(GIVEN DATA Opens)
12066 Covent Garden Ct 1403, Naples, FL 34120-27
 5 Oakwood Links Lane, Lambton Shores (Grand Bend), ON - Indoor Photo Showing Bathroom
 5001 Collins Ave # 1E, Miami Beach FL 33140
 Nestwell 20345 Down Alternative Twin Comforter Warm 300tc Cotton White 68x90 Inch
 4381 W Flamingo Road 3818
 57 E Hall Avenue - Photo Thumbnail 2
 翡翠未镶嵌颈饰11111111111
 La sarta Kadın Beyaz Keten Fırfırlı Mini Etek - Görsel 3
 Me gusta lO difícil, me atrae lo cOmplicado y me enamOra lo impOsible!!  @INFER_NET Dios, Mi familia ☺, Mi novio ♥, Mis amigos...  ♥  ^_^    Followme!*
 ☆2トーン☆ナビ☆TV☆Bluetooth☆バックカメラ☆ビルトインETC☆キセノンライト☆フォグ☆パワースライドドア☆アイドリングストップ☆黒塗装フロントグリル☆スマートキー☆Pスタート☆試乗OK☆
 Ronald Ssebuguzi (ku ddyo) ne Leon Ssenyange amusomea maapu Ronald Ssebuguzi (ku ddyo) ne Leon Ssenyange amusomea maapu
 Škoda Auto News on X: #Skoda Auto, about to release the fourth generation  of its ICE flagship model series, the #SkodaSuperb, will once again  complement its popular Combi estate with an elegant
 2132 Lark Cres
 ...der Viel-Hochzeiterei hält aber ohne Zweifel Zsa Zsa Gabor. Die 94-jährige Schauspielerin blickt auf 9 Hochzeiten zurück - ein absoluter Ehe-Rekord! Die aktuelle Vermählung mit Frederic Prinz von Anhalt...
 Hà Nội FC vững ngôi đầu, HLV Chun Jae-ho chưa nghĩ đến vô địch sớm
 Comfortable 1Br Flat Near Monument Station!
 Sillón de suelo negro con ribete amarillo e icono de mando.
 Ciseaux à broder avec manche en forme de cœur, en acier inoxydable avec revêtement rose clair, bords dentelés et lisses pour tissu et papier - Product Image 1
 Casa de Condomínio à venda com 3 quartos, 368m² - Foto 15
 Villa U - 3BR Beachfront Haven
(GIVEN DATA Closes)
WORK ORDER: Reproduce the entries above exactly, starting at their first line and finishing with the line that contains "2132 Lark Cres".

ANSWER TO THIS TASK:
12066 Covent Garden Ct 1403, Naples, FL 34120-27
 5 Oakwood Links Lane, Lambton Shores (Grand Bend), ON - Indoor Photo Showing Bathroom
 5001 Collins Ave # 1E, Miami Beach FL 33140
 Nestwell 20345 Down Alternative Twin Comforter Warm 300tc Cotton White 68x90 Inch
 4381 W Flamingo Road 3818
 57 E Hall Avenue - Photo Thumbnail 2
 翡翠未镶嵌颈饰11111111111
 La sarta Kadın Beyaz Keten Fırfırlı Mini Etek - Görsel 3
 Me gusta lO difícil, me atrae lo cOmplicado y me enamOra lo impOsible!!  @INFER_NET Dios, Mi familia ☺, Mi novio ♥, Mis amigos...  ♥  ^_^    Followme!*
 ☆2トーン☆ナビ☆TV☆Bluetooth☆バックカメラ☆ビルトインETC☆キセノンライト☆フォグ☆パワースライドドア☆アイドリングストップ☆黒塗装フロントグリル☆スマートキー☆Pスタート☆試乗OK☆
 Ronald Ssebuguzi (ku ddyo) ne Leon Ssenyange amusomea maapu Ronald Ssebuguzi (ku ddyo) ne Leon Ssenyange amusomea maapu
 Škoda Auto News on X: #Skoda Auto, about to release the fourth generation  of its ICE flagship model series, the #SkodaSuperb, will once again  complement its popular Combi estate with an elegant
 2132 Lark Cres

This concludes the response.